MRI is of high importance in breast cancer imaging. Contrast-enhanced (CE) measurements can reveal the tumor perfusion and thus serve to classify and characterize lesions. However, especially in screening situations, repetitive administration of contrast agents should be avoided if possible¹.

Arterial Spin Labeling (ASL) is an established technique for measuring perfusion without contrast agents in the brain², but in other organs, ASL remains challenging. Only few groups have shown the feasibility of Arterial Spin Labeling (ASL) in the breast^3-8 using either 2D single-slice or multi-slice imaging.

In this breast cancer case study, we present a fast 3D single-shot ASL sequence that is designed to provide high SNR and to cover a large volume within reasonable acquisition time.

The patient measurements for this case study have been performed at the Department of Radiology of Radboud University Medical Center, Nijmegen, Netherlands, on a Siemens Magnetom Skyra 3T system (Siemens Healthcare, Erlangen).

The pulsed ASL sequence (PASL) uses a FAIR⁹ labeling with a 3D-GRASE readout¹⁰. In an almost coronal orientation we acquire a volume with a 96x48x8 matrix and a voxel size of 3.6x3.6x4mm³ in single-shot mode. 80 label and control pairs are acquired within 7:36 min. A relatively long inflow time of TI=2000ms has been chosen to measure the tumor enhancement. Perfusion is not quantified but instead, the sequence is used to qualitatively specify lesions. Background suppression with 4 adiabatic inversion pulses¹¹ has been optimized to minimize artifacts related to signal from fat and static tissue.

The slice-selective inversion volume of the FAIR labeling was chosen to be identical with the imaging volume, which means that only blood outside the imaging volume is labeled. Therefore, this volume needs to be positioned very carefully in order to label all inflowing blood (Fig.2). By keeping a small gap between chest wall and breast we ensure that blood is labeled in all feeding vessels.

Each image was acquired in single-shot mode, which makes the sequence robust against motion. Still, motion can also occur between label and control image as well as between different repetitions. Therefore, we manually excluded affected label and control pairs from the evaluation but we did not correct for between-repetition movement as the latter does not affect measured data significantly. Finally, the individual measurements were averaged.

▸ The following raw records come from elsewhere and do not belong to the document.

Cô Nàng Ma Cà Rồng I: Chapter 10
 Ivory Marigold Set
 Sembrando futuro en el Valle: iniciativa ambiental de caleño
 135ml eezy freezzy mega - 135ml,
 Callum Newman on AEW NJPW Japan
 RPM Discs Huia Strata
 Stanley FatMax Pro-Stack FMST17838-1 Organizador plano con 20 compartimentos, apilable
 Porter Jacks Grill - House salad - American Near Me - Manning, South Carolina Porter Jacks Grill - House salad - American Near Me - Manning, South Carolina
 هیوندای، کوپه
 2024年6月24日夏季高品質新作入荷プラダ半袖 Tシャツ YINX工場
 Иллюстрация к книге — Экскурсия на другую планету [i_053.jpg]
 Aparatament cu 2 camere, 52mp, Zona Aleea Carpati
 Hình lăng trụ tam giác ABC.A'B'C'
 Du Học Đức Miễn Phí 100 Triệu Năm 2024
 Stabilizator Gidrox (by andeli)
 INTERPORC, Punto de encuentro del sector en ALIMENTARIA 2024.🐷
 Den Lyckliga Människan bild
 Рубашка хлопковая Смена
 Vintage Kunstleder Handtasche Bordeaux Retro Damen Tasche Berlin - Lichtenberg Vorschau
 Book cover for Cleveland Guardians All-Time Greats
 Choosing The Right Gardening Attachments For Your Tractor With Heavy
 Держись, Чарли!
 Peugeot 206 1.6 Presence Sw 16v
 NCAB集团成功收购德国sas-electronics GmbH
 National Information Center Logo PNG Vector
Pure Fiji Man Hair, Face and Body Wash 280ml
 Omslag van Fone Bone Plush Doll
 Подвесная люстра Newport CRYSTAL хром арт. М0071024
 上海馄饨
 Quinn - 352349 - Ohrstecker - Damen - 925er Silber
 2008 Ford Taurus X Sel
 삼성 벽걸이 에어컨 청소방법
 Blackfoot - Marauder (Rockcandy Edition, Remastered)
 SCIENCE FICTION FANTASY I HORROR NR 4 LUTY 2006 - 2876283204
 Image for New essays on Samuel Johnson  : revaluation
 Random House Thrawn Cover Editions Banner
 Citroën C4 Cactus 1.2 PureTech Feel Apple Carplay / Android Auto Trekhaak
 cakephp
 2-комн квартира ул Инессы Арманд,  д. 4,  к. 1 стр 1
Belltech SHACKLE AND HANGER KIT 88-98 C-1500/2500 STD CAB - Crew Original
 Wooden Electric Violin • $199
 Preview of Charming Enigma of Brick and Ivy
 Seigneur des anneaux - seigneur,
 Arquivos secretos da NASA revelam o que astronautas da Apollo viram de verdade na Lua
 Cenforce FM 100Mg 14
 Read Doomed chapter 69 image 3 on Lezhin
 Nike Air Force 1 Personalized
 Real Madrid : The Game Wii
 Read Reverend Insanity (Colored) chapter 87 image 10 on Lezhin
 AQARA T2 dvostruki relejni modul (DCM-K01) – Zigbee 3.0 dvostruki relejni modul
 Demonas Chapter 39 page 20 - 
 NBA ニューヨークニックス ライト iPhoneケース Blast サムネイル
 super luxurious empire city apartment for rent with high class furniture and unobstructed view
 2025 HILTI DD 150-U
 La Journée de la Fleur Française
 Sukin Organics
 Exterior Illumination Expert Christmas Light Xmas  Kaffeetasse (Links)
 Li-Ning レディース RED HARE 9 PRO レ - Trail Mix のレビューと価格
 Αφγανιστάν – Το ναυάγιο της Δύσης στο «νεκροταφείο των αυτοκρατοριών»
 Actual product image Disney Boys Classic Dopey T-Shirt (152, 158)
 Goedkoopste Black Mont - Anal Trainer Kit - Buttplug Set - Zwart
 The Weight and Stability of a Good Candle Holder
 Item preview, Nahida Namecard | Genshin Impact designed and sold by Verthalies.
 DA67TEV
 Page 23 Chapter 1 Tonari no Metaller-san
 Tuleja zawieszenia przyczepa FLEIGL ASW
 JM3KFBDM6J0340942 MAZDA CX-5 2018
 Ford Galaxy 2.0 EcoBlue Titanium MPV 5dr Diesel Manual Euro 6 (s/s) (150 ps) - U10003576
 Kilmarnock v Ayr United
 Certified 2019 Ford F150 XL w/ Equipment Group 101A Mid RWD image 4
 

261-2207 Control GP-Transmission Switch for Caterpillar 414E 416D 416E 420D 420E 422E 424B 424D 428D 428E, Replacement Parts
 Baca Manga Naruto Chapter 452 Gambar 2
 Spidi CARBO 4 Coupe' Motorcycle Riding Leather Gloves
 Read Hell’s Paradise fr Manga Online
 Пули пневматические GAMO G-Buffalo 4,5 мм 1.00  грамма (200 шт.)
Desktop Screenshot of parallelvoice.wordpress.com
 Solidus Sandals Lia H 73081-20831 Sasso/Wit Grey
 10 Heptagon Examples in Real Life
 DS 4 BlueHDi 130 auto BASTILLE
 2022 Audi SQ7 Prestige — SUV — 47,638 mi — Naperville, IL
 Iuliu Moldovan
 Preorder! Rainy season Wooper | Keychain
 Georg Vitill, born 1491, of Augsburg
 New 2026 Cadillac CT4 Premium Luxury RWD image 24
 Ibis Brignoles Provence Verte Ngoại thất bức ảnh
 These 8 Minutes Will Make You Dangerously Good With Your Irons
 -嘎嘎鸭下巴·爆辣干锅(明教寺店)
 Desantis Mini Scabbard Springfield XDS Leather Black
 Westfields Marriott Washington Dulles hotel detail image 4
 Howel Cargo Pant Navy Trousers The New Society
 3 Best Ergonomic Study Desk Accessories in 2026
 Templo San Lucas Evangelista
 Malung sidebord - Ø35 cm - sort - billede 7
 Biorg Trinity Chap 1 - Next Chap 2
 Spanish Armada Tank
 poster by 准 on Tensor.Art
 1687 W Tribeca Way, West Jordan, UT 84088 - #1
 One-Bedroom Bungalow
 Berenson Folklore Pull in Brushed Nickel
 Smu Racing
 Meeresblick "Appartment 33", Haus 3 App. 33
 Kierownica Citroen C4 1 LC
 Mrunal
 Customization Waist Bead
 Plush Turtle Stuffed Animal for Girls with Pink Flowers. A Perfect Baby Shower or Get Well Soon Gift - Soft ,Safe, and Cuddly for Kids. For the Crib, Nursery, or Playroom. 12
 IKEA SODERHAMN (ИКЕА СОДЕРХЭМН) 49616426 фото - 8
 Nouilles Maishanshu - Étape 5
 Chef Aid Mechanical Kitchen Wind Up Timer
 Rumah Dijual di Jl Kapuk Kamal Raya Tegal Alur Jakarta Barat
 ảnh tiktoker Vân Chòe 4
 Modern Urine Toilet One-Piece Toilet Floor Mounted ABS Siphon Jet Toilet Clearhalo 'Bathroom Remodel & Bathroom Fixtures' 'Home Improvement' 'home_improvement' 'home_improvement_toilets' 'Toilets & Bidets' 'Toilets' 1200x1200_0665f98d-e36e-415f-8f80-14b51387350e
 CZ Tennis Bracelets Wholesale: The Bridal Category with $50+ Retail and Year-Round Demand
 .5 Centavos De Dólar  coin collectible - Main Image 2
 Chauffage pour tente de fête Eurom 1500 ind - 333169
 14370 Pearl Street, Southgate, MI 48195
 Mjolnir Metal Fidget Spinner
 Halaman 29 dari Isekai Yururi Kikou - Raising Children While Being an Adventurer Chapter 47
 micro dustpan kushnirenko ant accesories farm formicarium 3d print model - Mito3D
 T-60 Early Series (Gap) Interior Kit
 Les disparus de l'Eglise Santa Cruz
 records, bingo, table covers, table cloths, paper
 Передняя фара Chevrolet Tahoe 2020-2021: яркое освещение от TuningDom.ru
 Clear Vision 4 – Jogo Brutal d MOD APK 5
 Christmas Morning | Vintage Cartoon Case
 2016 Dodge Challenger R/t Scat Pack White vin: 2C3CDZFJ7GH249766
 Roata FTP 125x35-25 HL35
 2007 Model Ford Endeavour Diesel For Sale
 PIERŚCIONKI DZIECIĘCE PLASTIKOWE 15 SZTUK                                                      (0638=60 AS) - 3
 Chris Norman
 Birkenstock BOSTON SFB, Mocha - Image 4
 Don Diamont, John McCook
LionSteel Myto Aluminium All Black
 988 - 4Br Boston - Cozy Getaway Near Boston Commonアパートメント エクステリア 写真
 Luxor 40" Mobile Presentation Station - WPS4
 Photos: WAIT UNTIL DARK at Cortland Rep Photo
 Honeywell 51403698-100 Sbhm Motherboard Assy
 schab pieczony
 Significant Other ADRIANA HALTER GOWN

The examined patient has a cystic carcinoma with a diameter of 3 cm in the right breast (Fig.1). The tumor tissue around the cystic part of the tumor is highly perfused as the CE subtraction images show.

12 label and control pairs of the ASL data have been corrupted by motion and removed manually before averaging.

In Fig.3 the CE image has been reformatted to match the ASL slices. For the tumor perfusion, the ASL perfusion-weighted image corresponds well to the CE image. When the ASL perfusion weighted image is reformatted to the CE image (Fig.4), the correspondence becomes even more obvious.

Using our approach it is possible to obtain perfusion images of breast lesions without contrast agent. However, a major drawback of the demonstrated sequence is that the tumor position must be known before scanning as the thickness of the volume does not offer full-breast coverage. A thicker volume could be acquired using multiple segments but also the FAIR labeling would hamper a complete imaging of the breast.

Furthermore, spatial resolution and SNR are inferior to CE sequences and might hide smaller lesions. In addition, vessels perpendicular to the slice orientation also appear bright in the subtraction images and thus might lead to false positive findings.

Finally, by applying this method to more subjects, parameters like the necessary number of measurements and the optimal inflow time (TI) must be optimized further.

We demonstrated a fast 3D ASL single-shot sequence which provides perfusion-weighted images of the tumor that show high correspondence with the CE subtraction image, but further optimization is required to make the technique clinically viable.